Total Play Rewards They were already among the worst performers in the markets Emerging markets this year, the announcement of the swap caused its value to decline further, reaching a minimum of 50 cents per dollar. The company later pledged to offer a similar deal to global bondholders, with covered bonds offering higher coupons, helping to offset some of the losses, with prices stabilizing around 54 cents on Tuesday.
Balanz analyst in Buenos Aires, Juan DevilicianHe pointed out that this agreement Highlights the company's preference for local investors Lack of transparency with international holders.
This indicates the company's preference for non-traditional local investors and its lack of transparency with international shareholders, Juan Develikian, an analyst at Balanz in Buenos Aires, notes in a note.

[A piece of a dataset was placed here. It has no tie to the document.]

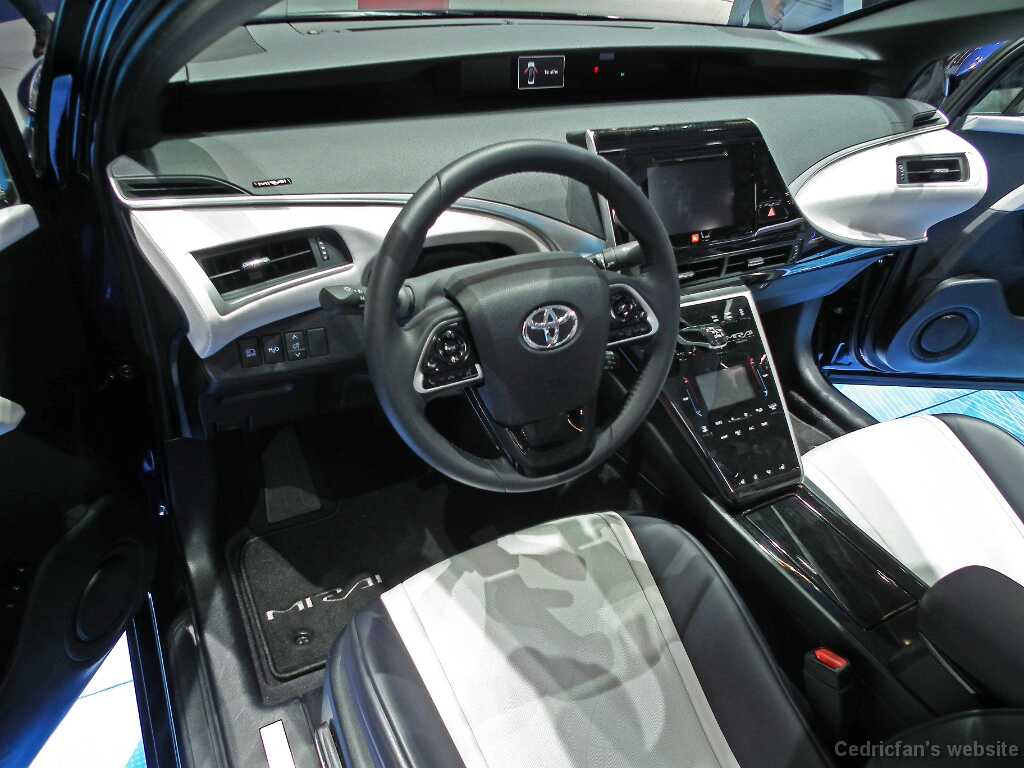 ToyotaMiraiDash (2)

Who are Total Play's major creditors?
Non-banking lender ICEL Group had become Critical credit to Total PlayIt now represents 43% of total debt, compared to 25% previously. Moreover, debts are now secured It represents 66% of the company's debtcompared to 56% recorded at the end of the third quarter, according to Eduardo Nieto, a credit analyst at the bank. C. B. Morgan Chase.
Although the rest is possible Bonds are exchanged on favorable termsNieto warns of the necessary caution, Considering that the high cost of debt could lead to cuts and worse terms for future agreements with a broader base of bondholders.
While there is potential for the remaining 25 to be redeemed on favorable terms, we remain cautious as we believe a higher cost of debt could lead to a write-down of the debt and worse future deal conditions with the broader base of bondholders.
So far, actors Salinas, Total Play, and ICL Group It did not respond to requests for comment made by Reforma.
This agreement raised concern among Total Play's international creditorsWho face an uncertain situation due to the preference shown by the company towards local investors and the ambiguity in its financial actions.